Eliminate fast and processed foods. For many of us living in the United States, this is one of the more difficult adjustments and can take some time. Try swapping fast food for homemade. The point is, find a healthier homemade food alternative to your favorite fast food.
Eat more vegetables, fruits, grains, and legumes. The foundation of the Mediterranean diet pyramid should form the basis of every meal. Rely more on satisfying, flavorful salads to form a good part of your plate.
Swap fats. Rely on healthy fats. A good place to start is to swap your butter with good olive oil in your cooking.
Reduce your intake of fatty red meats…a lot. Eat more lean meat – fish twice a week; and poultry in moderation. You can certainly still eat the occasional red meat (very limited), but choose leaner meats. In Greece and other Mediterranean countries, lamb is usually the red meat of choice.
Eat some dairy and eggs. Consumption of dairy products (in moderation) has health benefits, including reduced risk of diabetes, metabolic syndrome, cardiovascular disease and obesity.

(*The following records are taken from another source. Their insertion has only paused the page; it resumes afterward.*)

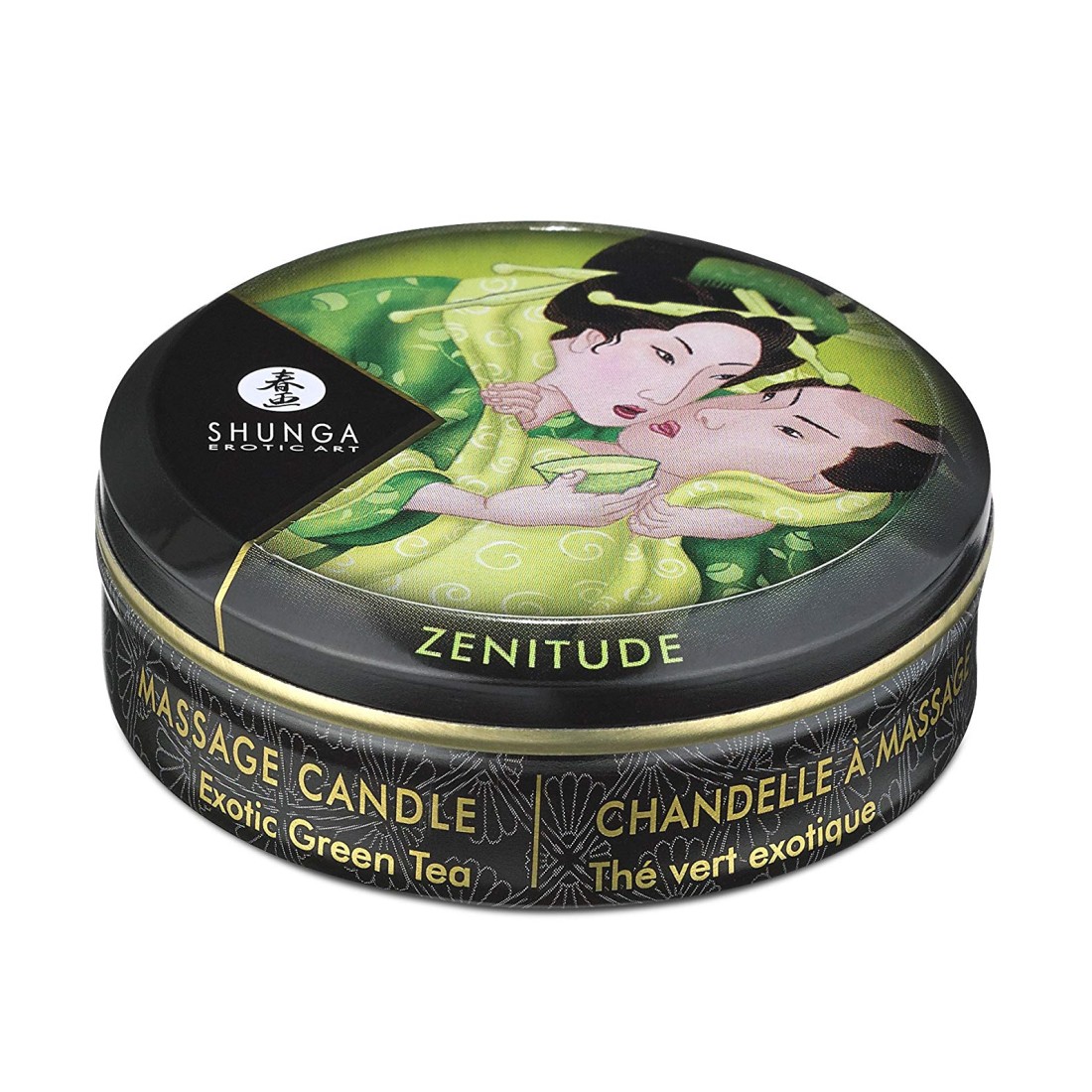 Массажная свеча «Зелёный чай», 30 мл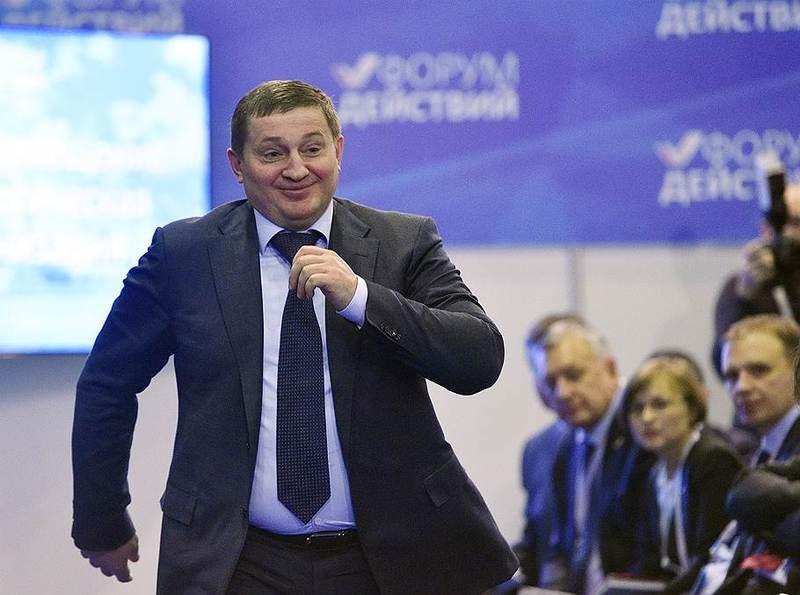 За 5 млн рублей губернатора Андрея Бочарова защитят от пожаров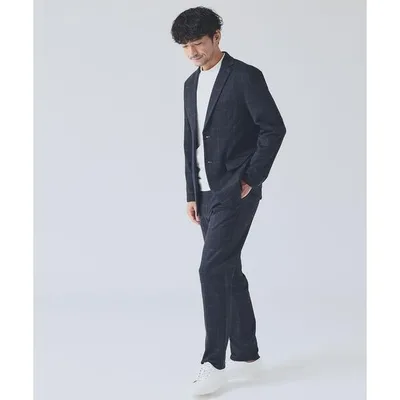 セットアップ 「上下2点セット/WEB限定」テイラー ポンチ セットアップ/スーツ ジャケット&スラックス メンズ レディース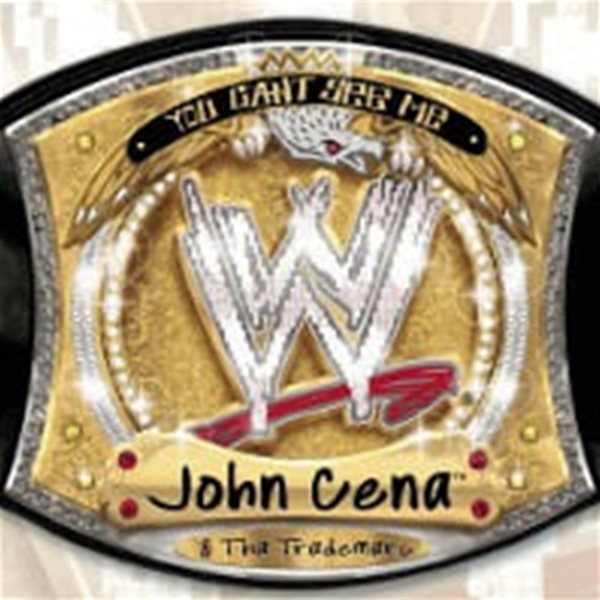 John Cena &amp; Tha Trademarc / You Can&#39;t See Me (수입)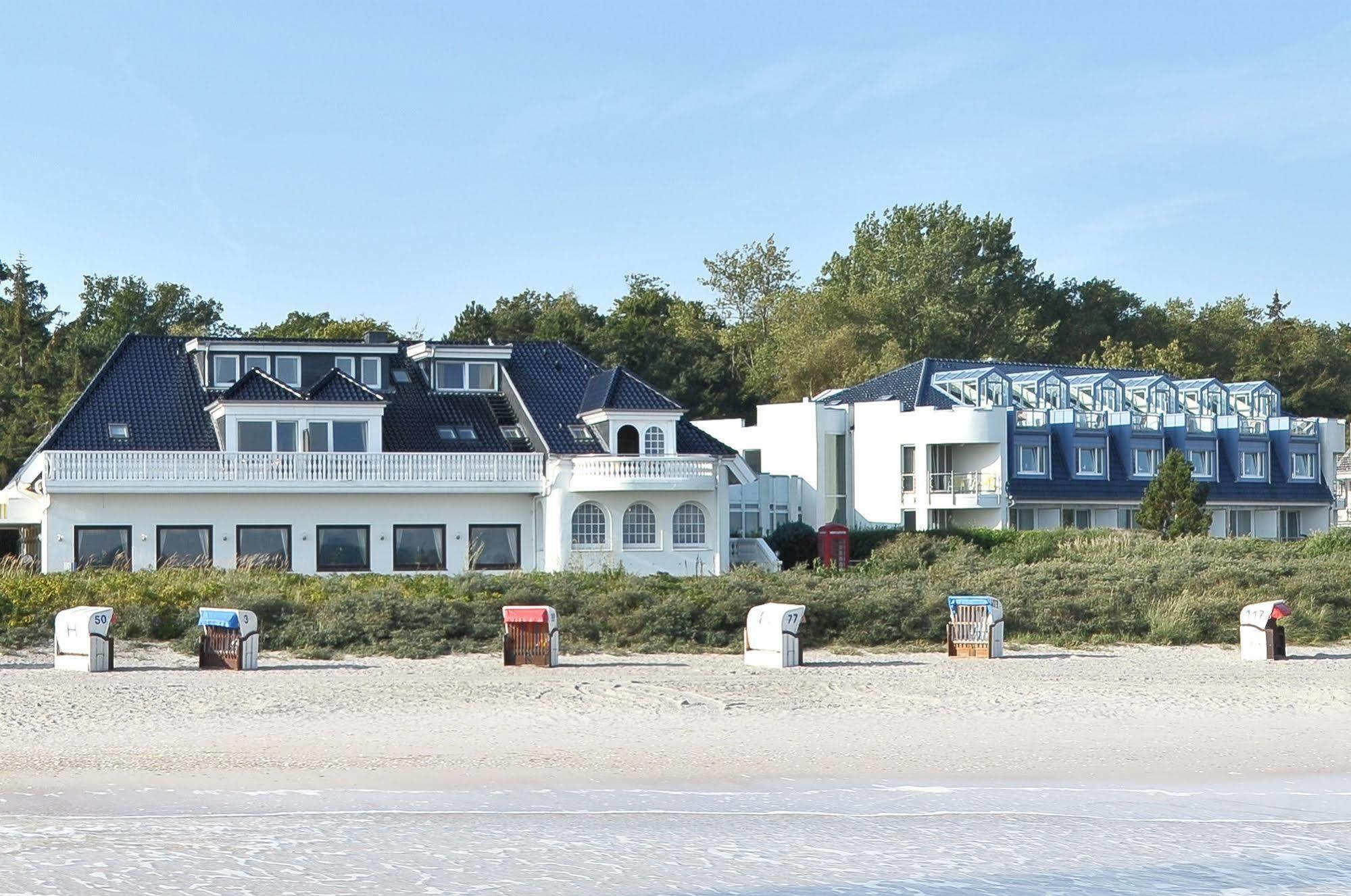 Hotel Seeschloesschen Hohwacht Dış mekan fotoğraf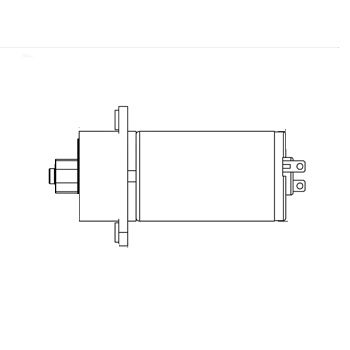 Motorreductor DC - C1228-105-3.0-12PP120-0141 - Constar Motion Co., LTD - planetario / coaxial / con eje macizo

Sadly, according to the USDA, over 80% of the entire U.S. population does not meet the recommended daily dairy intake! We’re not talking about topping everything off with tons of processed cheese. We’re not talking about topping everything with tons of processed cheese. But maybe as a snack, swap out your chips for low-fat Greek yogurt.
Do not drink your calories. On the Mediterranean diet, this means drinking more water and swapping high-calorie margaritas for the occasional red wine.
Share as many meals with others as possible. This helps in several ways. Spending time with loved ones can reduce stress and lift our mood. But being thoughtful and slowing down to engage with others also allows us to control our portion.
The Mediterranean diet is a healthy eating plan that includes foods such as fruits, vegetables, whole grains, legumes, fish, nuts, olive oil, and herbs. Dairy products and meat are usually consumed in moderation, as well as wine. Many studies have found that people who follow a Mediterranean-type diet can have several health benefits, such as a better heart, weight loss and a reduced risk of type 2 diabetes. One more thing, before you think about trying this diet, consult your health provider.